BY GLENN BILLINGHAM
Season 1994/95. Blackburn Rovers were crowned Premiership champions, Everton won the FA Cup and Eric Cantona went kung-fu crazy. However, slipping quietly away from the mainstream headlines, a certain one hundred and twenty minutes of football between two mid-table sides encapsulated all the wonderful and rose-tinted quirks of nineties football.

Ossie Ardilles brought Rosenthal to White Hart Lane in January 1994, but much like his successor, Gerry Francis, didn’t often feature Ronny in the starting eleven. A year later, Ronny had further competition as Spurs fans were enjoying the fruits of homegrown talent and a sprinkling of 1994 World Cup stars. Jurgen Klinsmann, George Popescu and Ilie Dumitrescu were combining well with Teddy Sherringham, a curiously injury-free Darren Anderton and the effervescence of Nick Barmby. Behind them lay a curious marriage of promising youth and patchy experience. Spurs regularly started a young Sol Campbell alongside an ageing Gary Mabbutt in central defence and relied upon names such as Micky Hazard and David Howells in midfield.
1994/95 saw Southampton do the league double over Spurs.
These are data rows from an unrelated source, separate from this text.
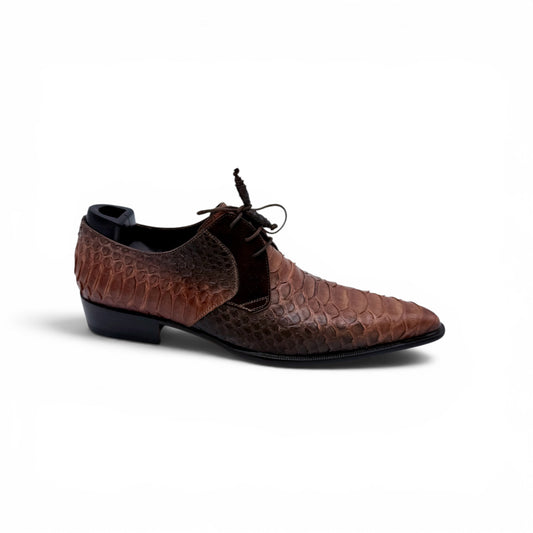 Derby Roberto Celk en cuir de python marron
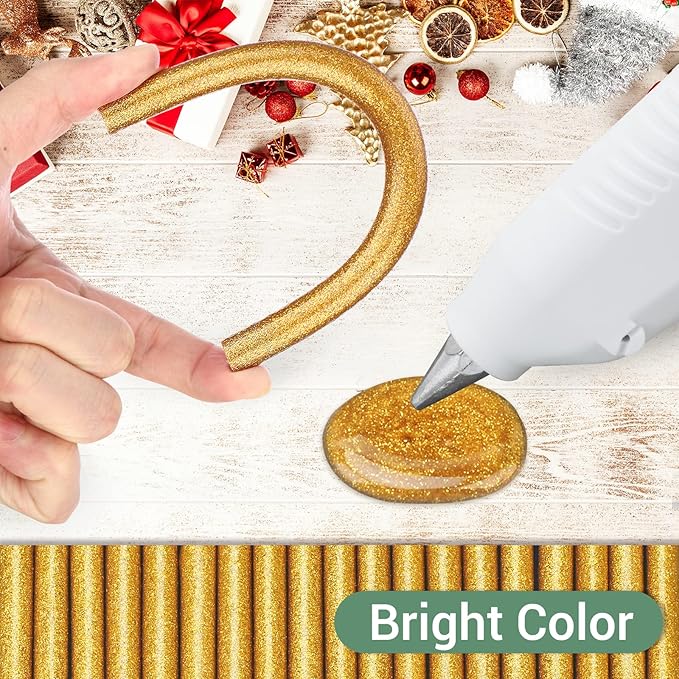 Glitter Gold Hot Glue Sticks, Manarty 8" Long x 0.43" Dia Full Size Hot Melt Glue Sticks Colored, High and Low Temp Adhesive Glue Sticks Large for Crafting, DIY, Decoration, Sealing Wax Stamp, 24 PCS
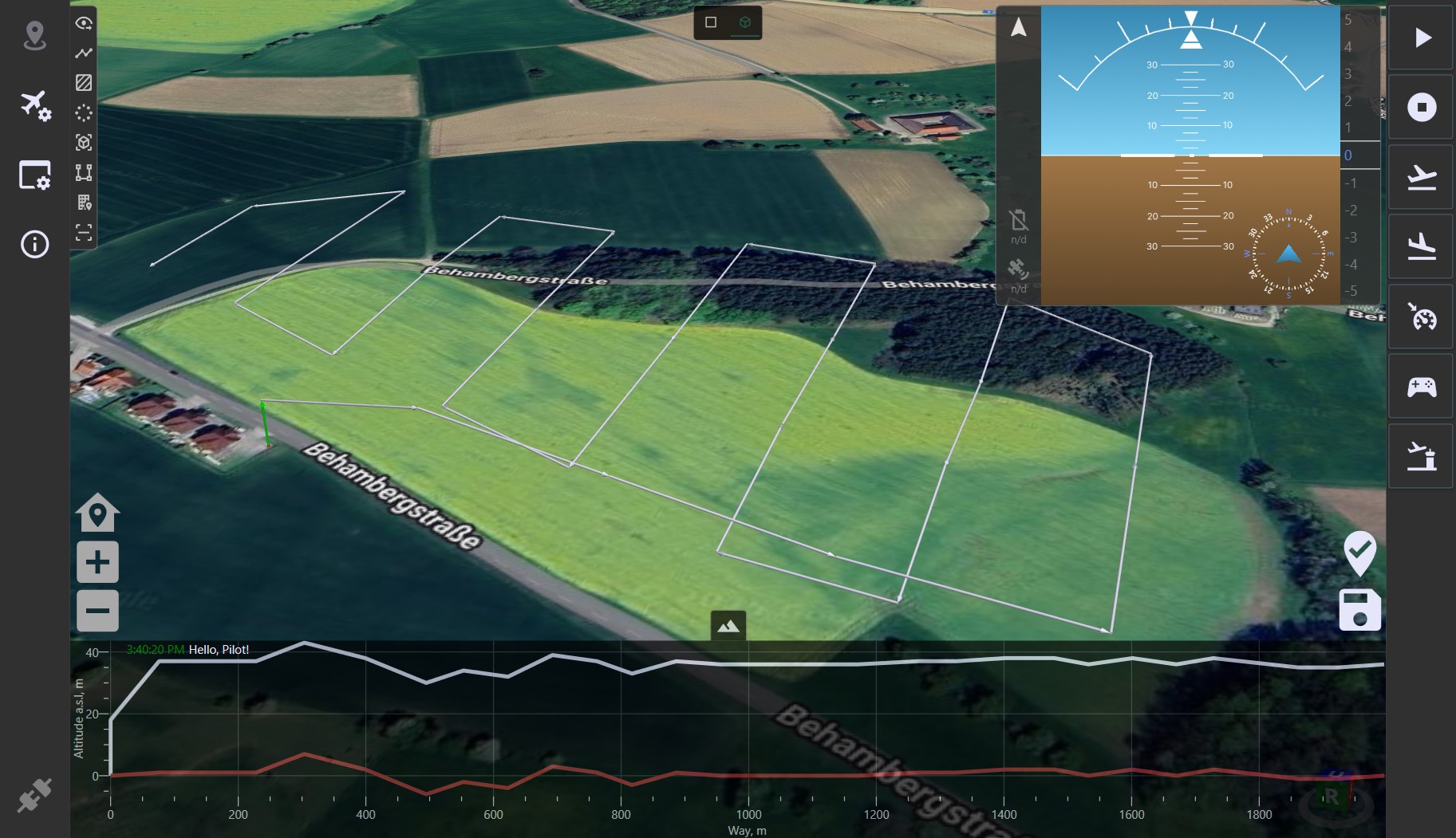 Demonstration of a route for mapping in LOGOS GCS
However, an almost equally high-scoring 4-3 victory at The Dell and a 2-1 win at White Hart Lane didn’t place them as favourites to progress. With a spine of Bruce Grobbelaar, Ken Monkou, Jim Magilton and Matt Le Tissier, Southampton could flicker between deserving labels of ‘world beaters’ and ‘pub team’ within minutes. Having held Tottenham to a 1-1 draw at White Hart Lane, there were more than faint hopes of a cup upset.
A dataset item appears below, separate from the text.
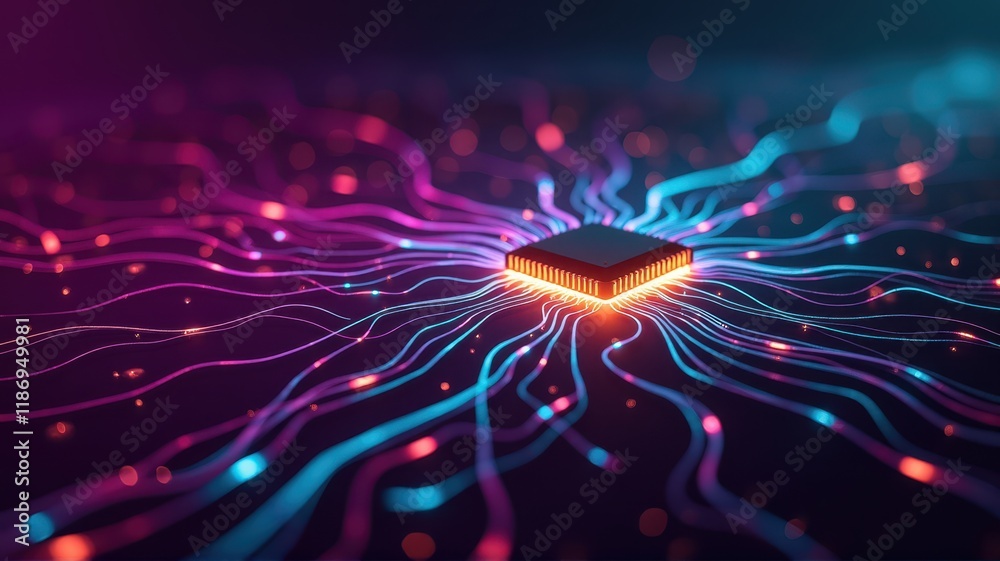 Obraz premium Abstract Representation of a Microchip Surrounded by Electric Current and Colorful Data Streams Illustrating Artificial Intelligence Technology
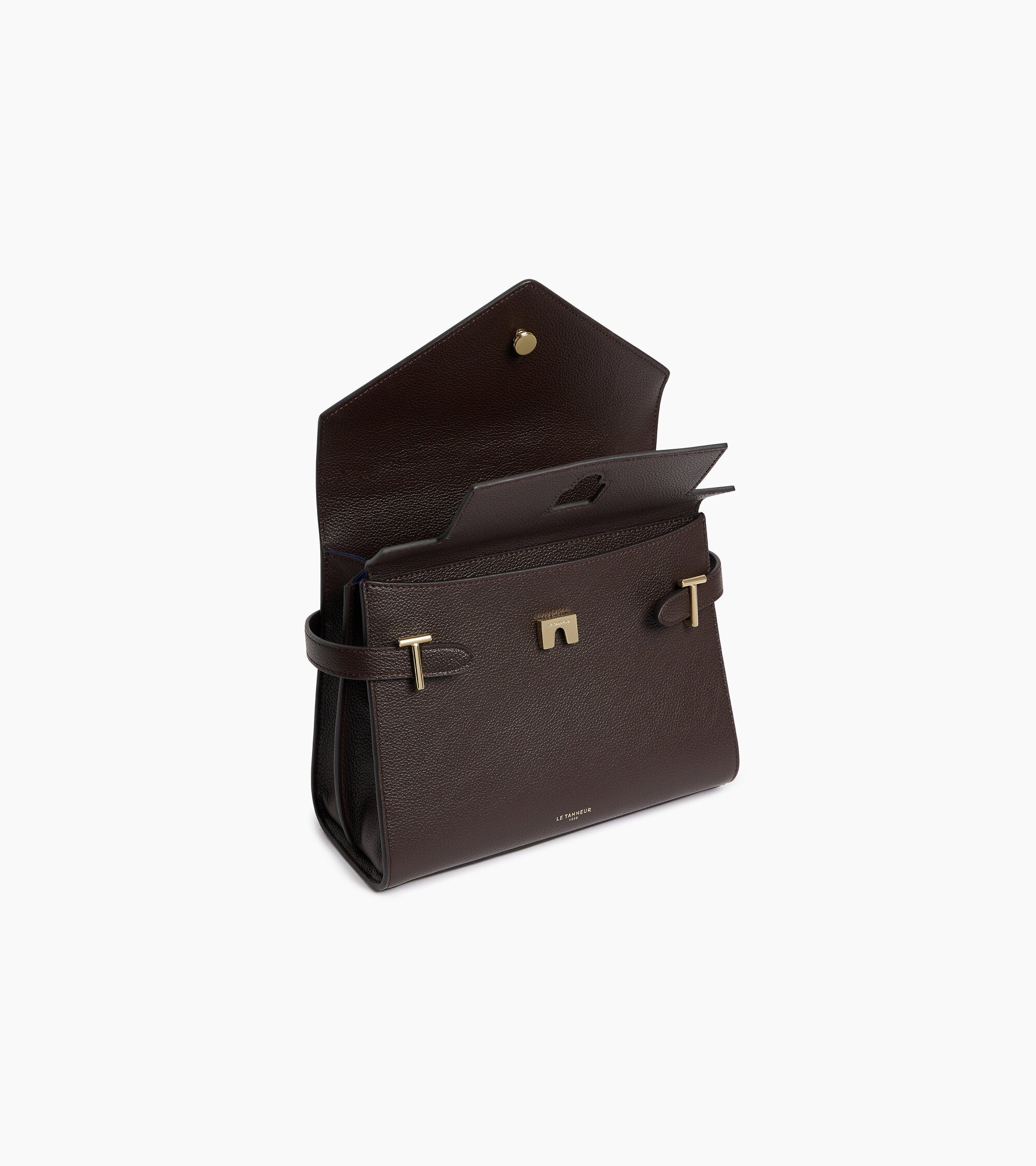 Bolso de mano mediano Emilie de piel texturizada con doble solapa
Live on Sky Sports, the replay became one to miss bedtime for. Southampton, playing true to the weight and influence of an expectant Dell, took their chances in an open first half. Goals from Neil Shipperley and, inevitably, Matt Le Tissier, provided a comfortable two-goal cushion at the break. However, during the break, Gerry Francis hauled off Stuart Nethercott and flung on Ronny Rosenthal. The decision proved decisive.
After little over ten minutes of the second half, Rosenthal hit two in two minutes to level the match. His first, a sweeping finish at the near post and his second an opportunistic twenty-five yard strike which beat Grobbelaar at his near post. The joyful smile, which burst on to even his own face, couldn’t hide the mix of joy and surprise that Rosenthal of all people had bagged a brace. As the remaining half an hour played out, Le Tissier had a screamer or two athletically spurned by Ian Walker, and Sheringham and Anderton missed chances for the away side. Rosenthal completed his hat-trick in blistering fashion in extra-time. From thirty yards plus, he let fly with his left foot and gave Grobbelaar no chance. Defeated and deflated, Southampton caved in and conceded a fourth, fifth and sixth to a Sheringham, Barmby and Anderton.
Tottenham went on to dispatch Liverpool in the quarter-finals, but lost out to Everton in the semis. Daniel Amokachi providing a couple of killer blows in a 4-1 reverse.
As for the ‘Hebrew Hitman’, he eventually left Tottenham in the summer of 1997. Watford and Divison Two his destination, where he stood out as a true class act, scored the goal of the season in a promotion winning campaign and retired aged thirty-five.